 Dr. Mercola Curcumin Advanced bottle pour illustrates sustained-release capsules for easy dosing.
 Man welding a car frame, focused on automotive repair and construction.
...
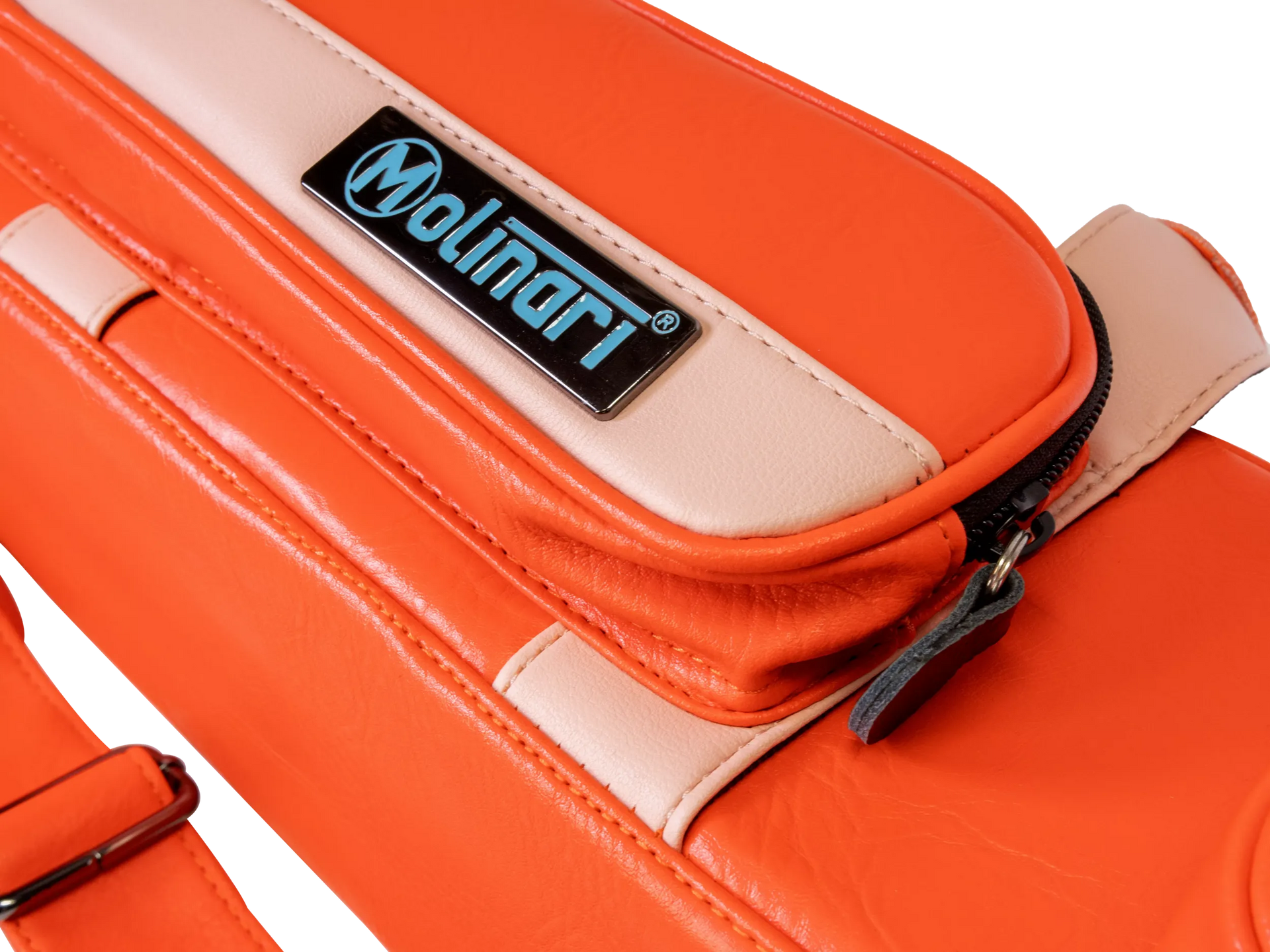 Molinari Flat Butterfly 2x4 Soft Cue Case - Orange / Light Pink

**Your objective:** Please copy the lines in the records above between the one holding "Dr. Mercola Curcumin" and the one holding "Man welding a", inclusive, exactly and with no other line.

**Exercise answer:**
 Dr. Mercola Curcumin Advanced bottle pour illustrates sustained-release capsules for easy dosing.
 Man welding a car frame, focused on automotive repair and construction.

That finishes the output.